◆ **REQUIREMENT**
Below are records with pictures. Transcribe exactly, and only, the lines from the line with "Nike Dunk Low" to the line with "Cinco Bolas 1 Apartment *", both ends included, but not the pictures.

◆ **THE RECORDS**
○ ○ ○
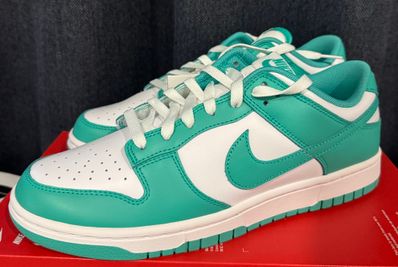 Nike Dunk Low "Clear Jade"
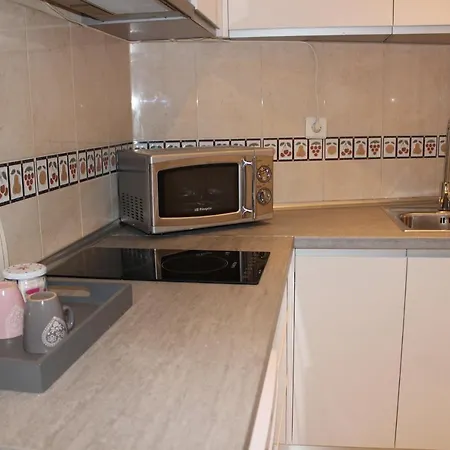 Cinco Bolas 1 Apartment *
○ ○ ○
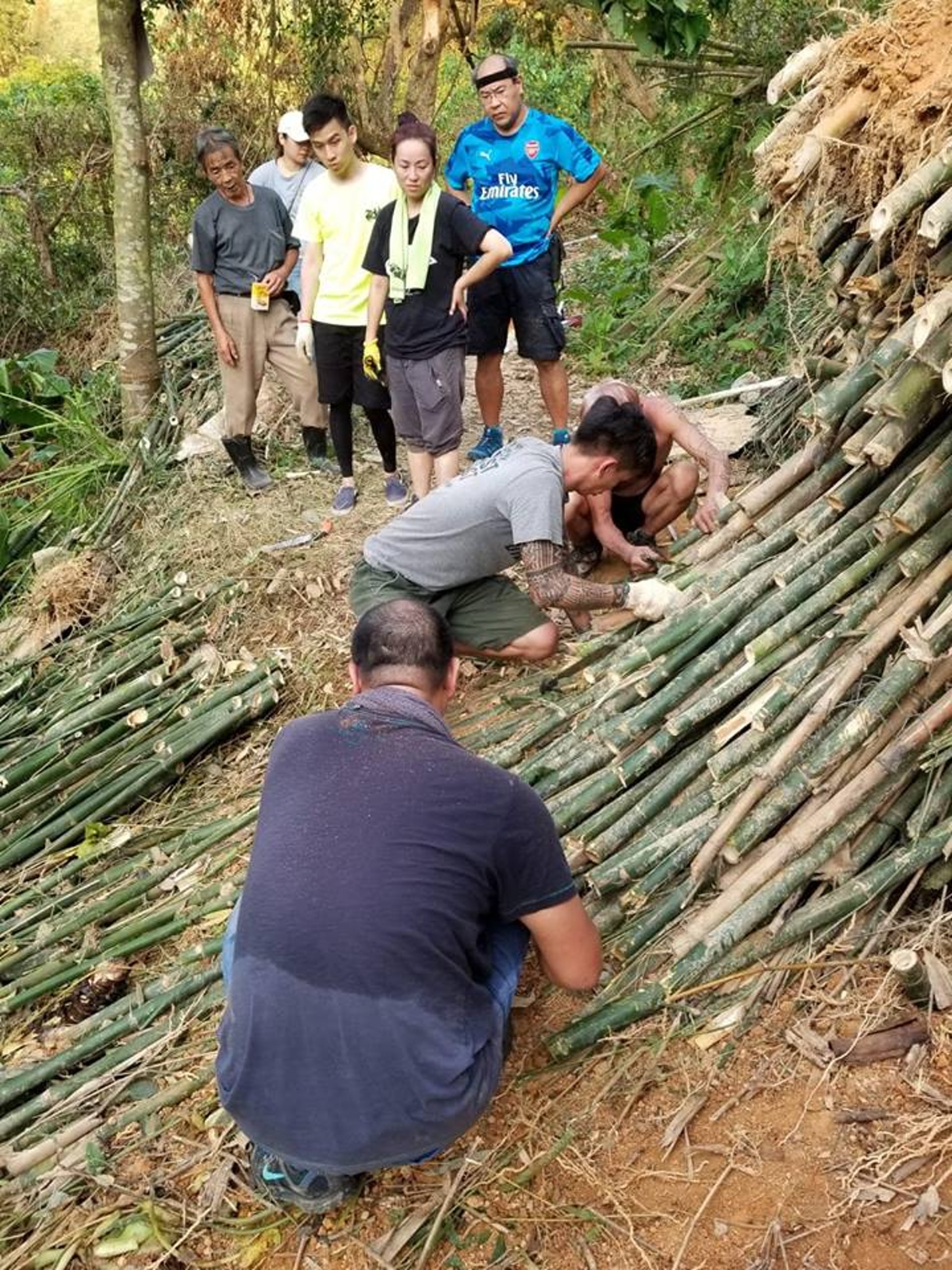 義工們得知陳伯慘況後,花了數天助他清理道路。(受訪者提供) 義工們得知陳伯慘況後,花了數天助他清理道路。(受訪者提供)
○ ○ ○
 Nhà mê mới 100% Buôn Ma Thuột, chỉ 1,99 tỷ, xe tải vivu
○ ○ ○
◆ **OUTPUT BELOW**
 Nike Dunk Low "Clear Jade"
 Cinco Bolas 1 Apartment *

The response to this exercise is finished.